La importación de petróleo ‘ligero’ frackeado de EUA significa el fin de la intensiva industrialización mexicana del siglo pasado.
Dicha industrialización detonó la gran urbanización del país, la cual se hizo posible gracias a la masiva emigración del campo, o sea el éxodo rural. Fue así como millones de campesinos migrantes establecieron la estructura social básica urbana a la que hemos estado acostumbrados, pero que hoy se ha puesto en entredicho debido a la escasez de oportunidades de trabajo.
En un sentido, México ha transitado hacia la era de servicios informáticos y financieros, pero también es cierto que las mayorías no están incluidas en esto. El estado benefactor quedo atrás –derrumbado–, ya que por un lado la ideología neoliberal a la que nos aferramos justifica el desmantelamiento (privatización) de lo público en pro de lo privado. Por otro lado, la acelerada globalización en la que participamos ha vuelto redundante a muchas personas, las cuales simplemente salen sobrando en esta economía de externalización y automatización de procesos productivos. Dicho de otra forma, la clase trabajadora mexicana ahora tiene que competir con el resto del mundo, incluyendo a las cada vez más comunes máquinas y robots.
En vez de responder con una estrategia sensible para enfrentar la transformación socioeconómica que sufrimos, el Estado lamentablemente da prioridad a la ‘seguridad’ sobre todos los demás rubros. Una de las más afectadas es la educación pública, la cual técnicamente era la herramienta fundamental para colocar al trabajador mexicano a un nivel relativamente competitivo a escala global.
Pemex alguna vez fue el emblema del desarrollo estabilizador nacionalista, eje fundamental que ‘lubricó’ el surgimiento de aquella clase media que nos posicionó en el mundo como potencia manufacturera. Esa movilidad social ha desaparecido por muchas razones, pero una principal es que el motor industrial que le daba chispa se ha enfriado.

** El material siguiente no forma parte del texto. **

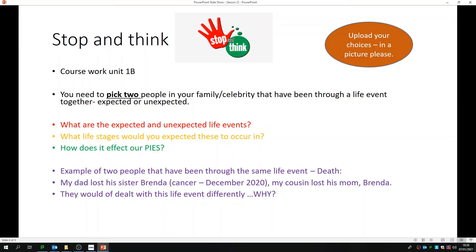At the bottom in purple, I've given you an example. It's based on an unexpected life event — it was based on death. So my dad, person A, lost his sister Brenda to cancer in 2020. The second person I would pick would be my cousin who lost his mom. So person A would be my dad, person B would be my cousin. I would then need to find out how they dealt with that life event — they dealt with it differently, different people helped them through it, different resources helped them through it, and how did it affect their PIES?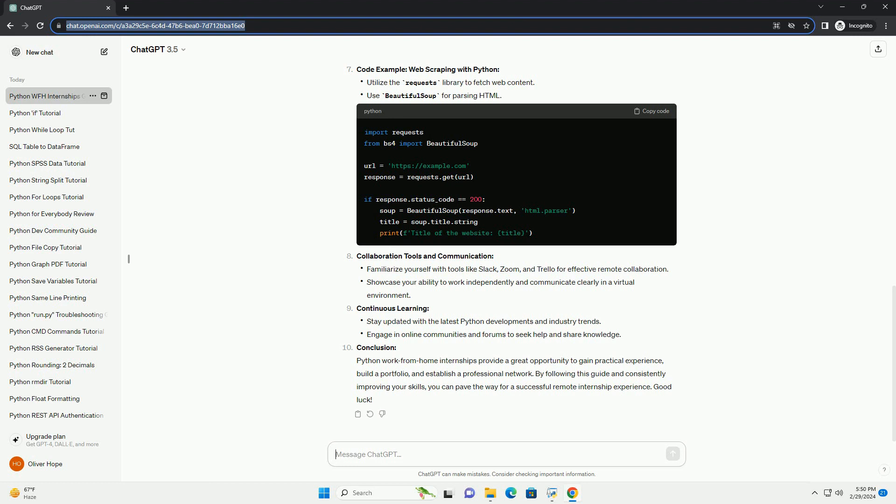Code example: web scraping with Python. Collaboration tools and communication. Continuous learning.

Cuidado, no digo que la industrialización haya desaparecido por completo. Sin embargo, los índices están a la baja, ya que muchos de los procesos de las cadenas productivas ahora son hechos en otras latitudes.
Cierto es que el petróleo es un recurso no renovable, que en el caso mexicano está por agotarse. No obstante, estar acudiendo al vecino del norte para pedir una transfusión de crudo ligero es el mejor símbolo –además de la corrupción institucionalizada– del pésimo manejo y la poca previsión en torno al petróleo, empresa y producto básico del Estado y la sociedad. Esto no lo digo en un sentido nacionalista, sino estratégico. Es raro el país que actualmente se deshace de algo tan esencial para su desarrollo, como lo podemos constatar con los noruegos.

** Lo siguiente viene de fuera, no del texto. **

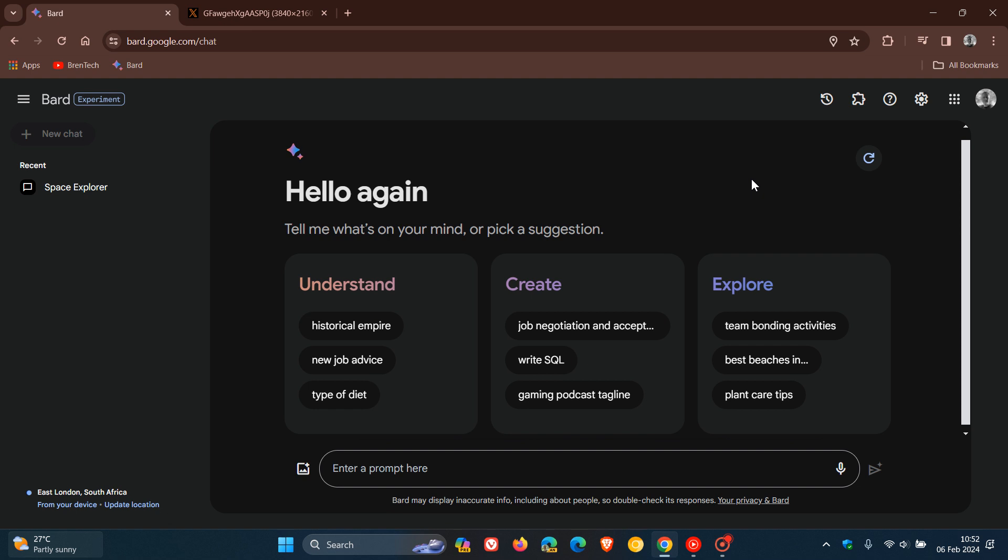Hi, Brent Tech here, where tech is made simple. So late last year, Google stopped updating Google Bard moving into the holiday season. Then just a couple of days ago, as I posted, they rolled out a couple of new updates to their AI-powered chatbot.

La alta densidad poblacional de las grandes ciudades mexicanas es un producto del siglo pasado industrial que endiosó al hidrocarburo, ese que sedujo a millones de campesinos a abandonar su hogar tradicional a favor de una mejor vida en la ciudad. Ese esquema hoy ha caducado, y la mejor evidencia de ello es la informalidad del 58% de la población económicamente activa. Simplemente no hay con qué pagar el gasto corriente de la nación, y por eso es que se han inflado tanto las deudas privadas.
Ha llegado el momento de liberar a las grandes poblaciones para que regresen al campo, o por lo menos a ciudades mucho más pequeñas que las megalópolis que ya conocemos, para que desde ahí puedan hacer la vida digna que la gran ciudad prometió pero nunca acabó otorgando.

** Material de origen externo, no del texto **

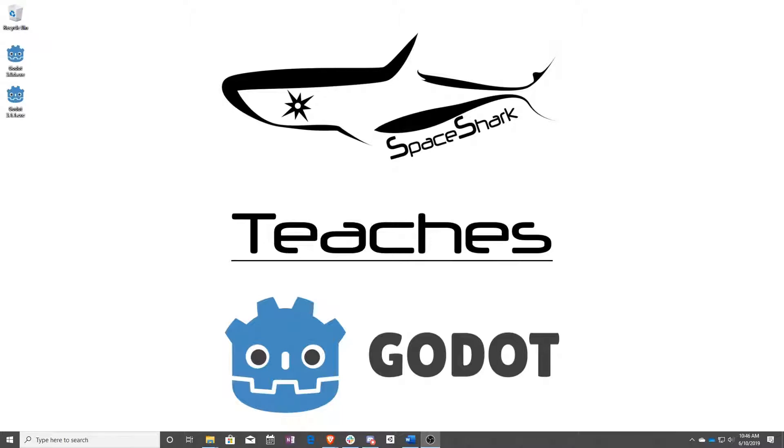Thank you for watching Space Shark Teaches. If you'd like to see more, please subscribe to the channel, and remember to click the bell to always stay up to date. Please also join us on our Discord, linked in the comments, and check out our other videos if you ever want to see what else we've been up to. Thanks again for watching, and we can't wait to see what you make.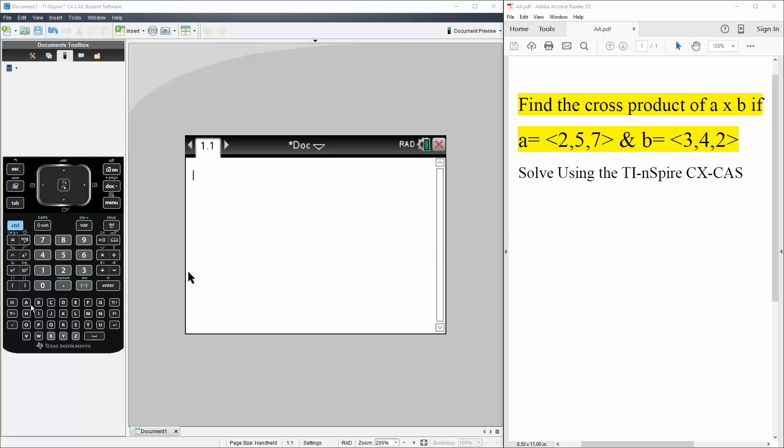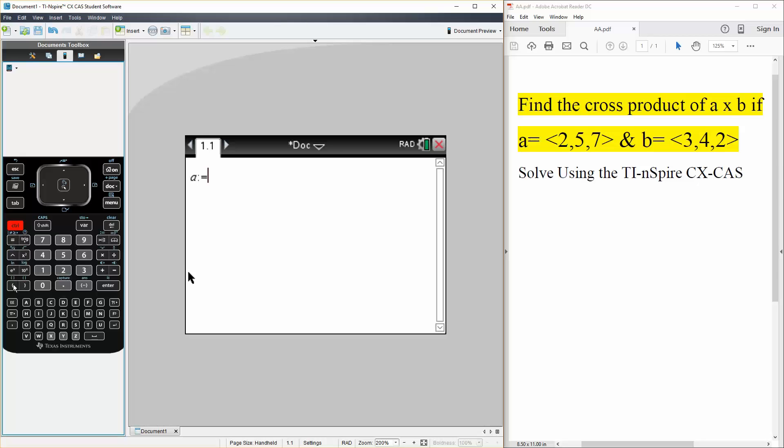So the first thing we need to do is define A. So A is defined as the matrix so we use square brackets 2, 5, 7.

Para que eso suceda tendrán que darse algunos cambios drásticos. Lo primero es detener la guerra fallida contra ya no sabemos qué, ya que ésta justifica el militarismo rampante y la represión, lo cual resulta en la desaparición de las libertades civiles de la población. Lo segundo es revertir la centralización de poder y la privatización de todo lo público, ya que esto nos tiene en plena decadencia monopólica.
Sin acceso a la tierra no hay vida no alimento digno para las mayorías.